◆ DATASET EXTRACT ◆
+ + + +

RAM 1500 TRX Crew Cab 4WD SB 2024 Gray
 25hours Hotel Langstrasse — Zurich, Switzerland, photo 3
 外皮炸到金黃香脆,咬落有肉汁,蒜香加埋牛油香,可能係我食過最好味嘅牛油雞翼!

+ + + +

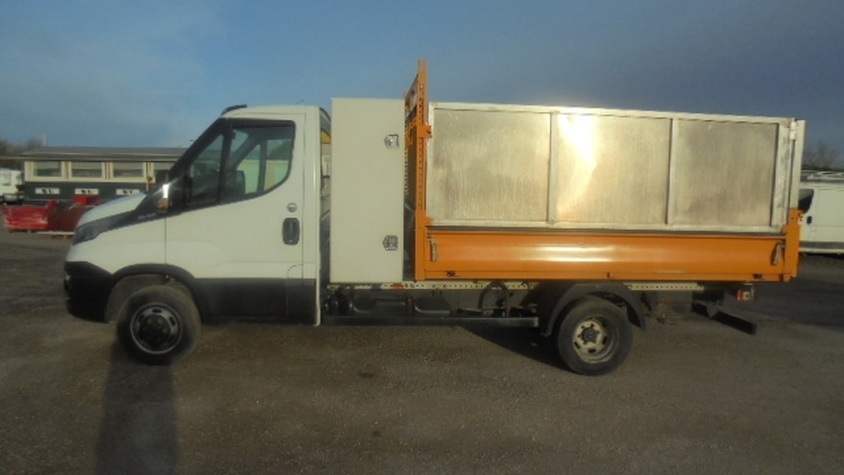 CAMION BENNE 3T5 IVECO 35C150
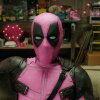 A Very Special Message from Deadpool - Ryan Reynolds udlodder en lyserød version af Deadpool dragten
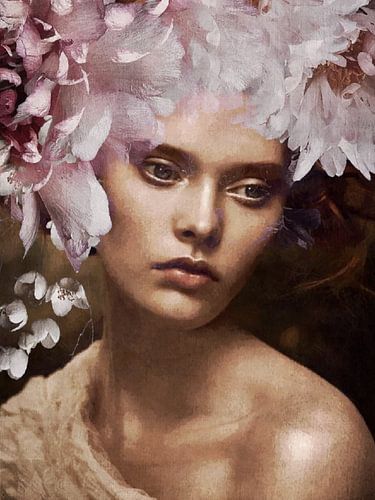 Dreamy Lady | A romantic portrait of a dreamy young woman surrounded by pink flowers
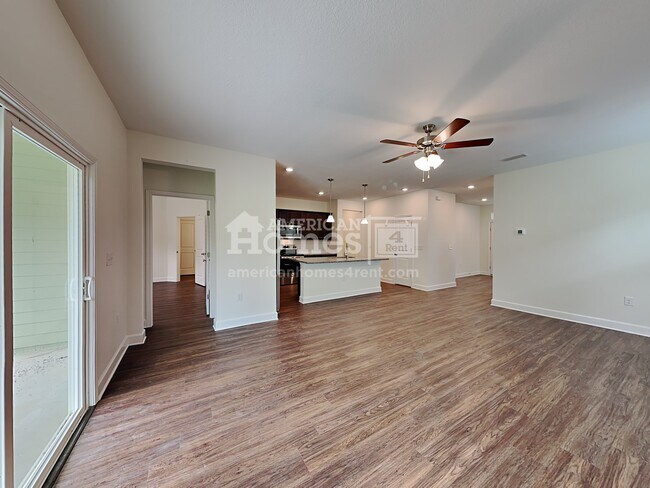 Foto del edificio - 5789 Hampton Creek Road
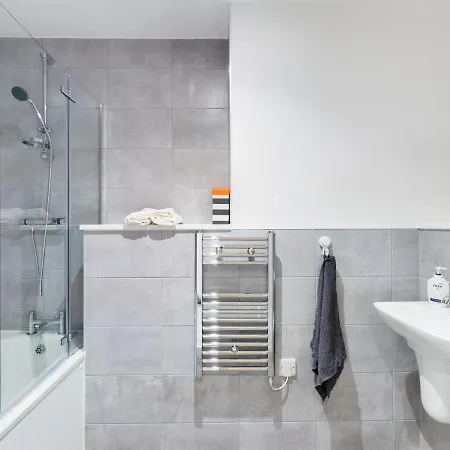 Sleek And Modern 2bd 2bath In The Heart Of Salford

+ + + +

◆ EXERCISE DETAILS ◆
When the line with "25hours Hotel Langstrasse" is reached in the data above, begin copying, and stop after the line with "外皮炸到金黃香脆,咬落有肉汁,蒜香加埋牛油香,可能係我食過最好味嘅牛油雞翼!"; copy each line exactly, both ends included.

◆ FINISHED TASK ◆
 25hours Hotel Langstrasse — Zurich, Switzerland, photo 3
 外皮炸到金黃香脆,咬落有肉汁,蒜香加埋牛油香,可能係我食過最好味嘅牛油雞翼!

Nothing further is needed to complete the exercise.